The conversation aims to understand how innovative technologies can concretely support companies in implementing their sustainability and circularity strategies. What is the approach of the companies participating in the Monitor? How is AI already contributing to increasing sustainability along the value chain? And are there potential applications that have yet to be fully leveraged?



Artificial intelligence in the fashion industry

Among the podcast guests is Mattia Ettore Negro, R&I at Deda Ai, who speaks on behalf of Deda Stealth, partner of the Monitor for Circular Fashion SDA Bocconi. His contribution offers a practical and applied perspective on the role of AI in fashion.

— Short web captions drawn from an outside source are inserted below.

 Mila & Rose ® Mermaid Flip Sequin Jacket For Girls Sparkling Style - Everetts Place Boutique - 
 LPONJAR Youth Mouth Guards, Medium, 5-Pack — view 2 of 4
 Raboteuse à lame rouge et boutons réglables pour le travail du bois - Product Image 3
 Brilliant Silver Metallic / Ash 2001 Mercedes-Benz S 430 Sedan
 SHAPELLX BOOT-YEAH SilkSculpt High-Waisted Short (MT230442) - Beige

Mattia explains how Deda is integrating Artificial Intelligence into the fashion industry with a highly pragmatic approach, keeping a clear objective in mind: supporting companies in critical decision-making moments across the entire value chain, from planning to sales, enabling them to simulate multiple scenarios that may arise along the value chain, while preserving the decision-maker’s full control to confirm, adjust, or reject the proposed solutions.

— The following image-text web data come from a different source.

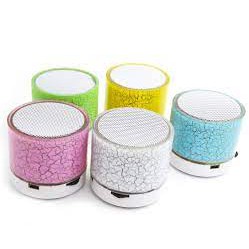 Speaker Mini Bluetooth Portabel Retak Lampu Led Music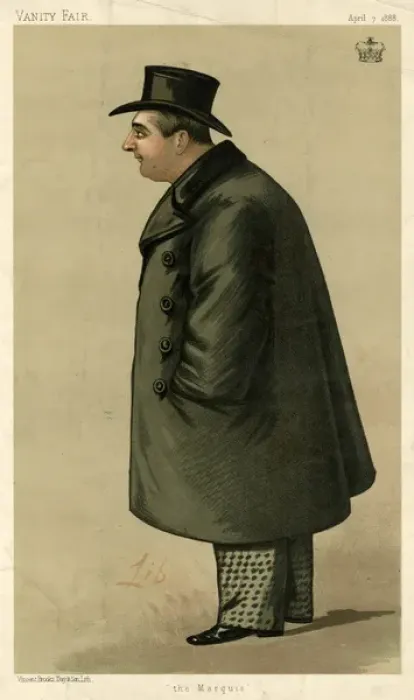 Framed Print : 5th Marquess of Ailesbury, Vanity Fair, Lib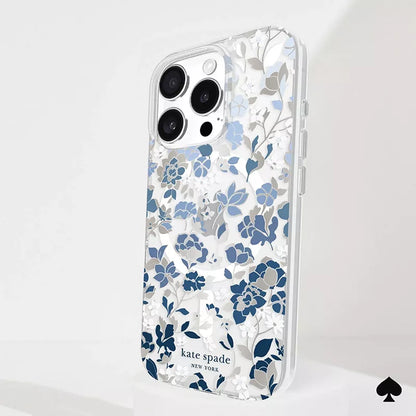 Kate Spade New York Protective Gems MagSafe – Dėklas iPhone 16 Pro (Flowerbed Blue)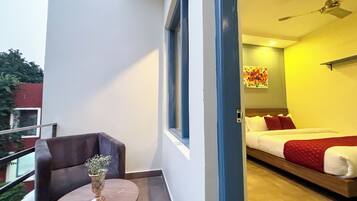 Deluxe kamer, balkon | Balkon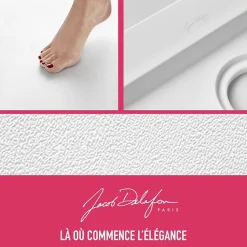 Receveur de douche JACOB DELAFON Flight rectangle extra plat antidérapant 110 x 80 cm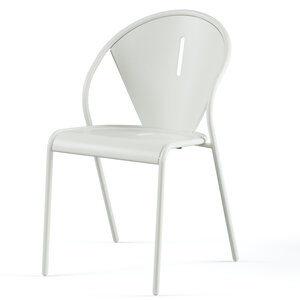 Emu Code chaise de jardin blanc mat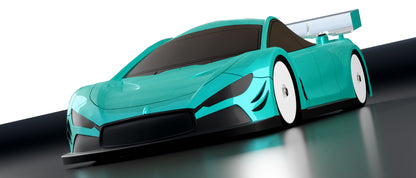 Bittydesign HYPER-HR 1/10 TC 190mm Clear Body Shell - BDTC-190HRHYP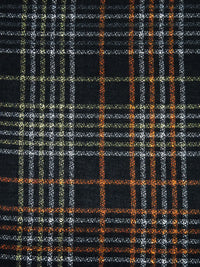 Black/Pumpkin/White/Flax 100% Polyester Plaid Print Georgette 56W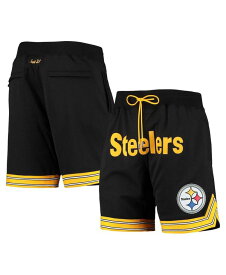 【送料無料】 ミッチェル&ネス メンズ ハーフパンツ・ショーツ ボトムス Men's Black Pittsburgh Steelers Just Don Gold Rush Shorts Black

This approach is implemented through three major decision-support modules: Plan, Execute, and Sell. The Plan module leverages AI to support demand forecasting through machine learning models that take into account numerous variables, such as seasonality, product lifecycle, sizes, and colors, as well as external data, including long-term weather forecasts and events that may impact sales. This also includes Assortment Management and Merchandise Financial Planning. In a sector characterized by short-lived products, high uncertainty, and many external variables, these models provide a more solid view of the future, reducing the risk of over- or under-production.

The Execute module represents the next step, focusing on the operational and industrial phase. Here, AI is used to optimize and schedule production, starting from defining the raw materials needed. Artificial Intelligence allows companies to coordinate decisions that are traditionally fragmented, what to produce, when, and under which constraints, while maintaining a balance between costs, timing, and production capacity.

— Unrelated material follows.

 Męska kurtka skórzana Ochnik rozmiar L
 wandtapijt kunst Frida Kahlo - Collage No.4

Finally, the Sell module focuses on omnichannel distribution and product allocation. The goal is to ensure that each product is in the right place at the right time, avoiding both overstock and lost sales. AI supports decision-making regarding when and where to ship products, coordinating channels that often influence one another, both in wholesale order management and retail allocation.

All of this is based on proprietary models developed through over thirty years of optimization experience. These are not generic solutions but algorithms specifically designed for the dynamics of the fashion world, a sector with its own rules, complexity, and specificities; aimed at demonstrating how the integration of AI into supply chains not only enhances business competitiveness but also helps create a more sustainable and responsive ecosystem.

Regarding accessibility, AI is certainly more accessible today than in the past, but some barriers remain. According to Mattia, these are not primarily technological but organizational, procedural, and related to trust in the models. For this reason, Deda’s three modules are modular and scalable, allowing companies to start with a limited scope and expand over time. Great attention is also given to UX and UI, with the aim of making AI a tool that simplifies and supports people’s work rather than complicating it.

Artificial Intelligence, when introduced with domain expertise, gradual implementation, and careful adoption, can become a true value enabler along the entire value chain, supporting the fashion industry in its journey toward increasingly sustainable, efficient, and circular models.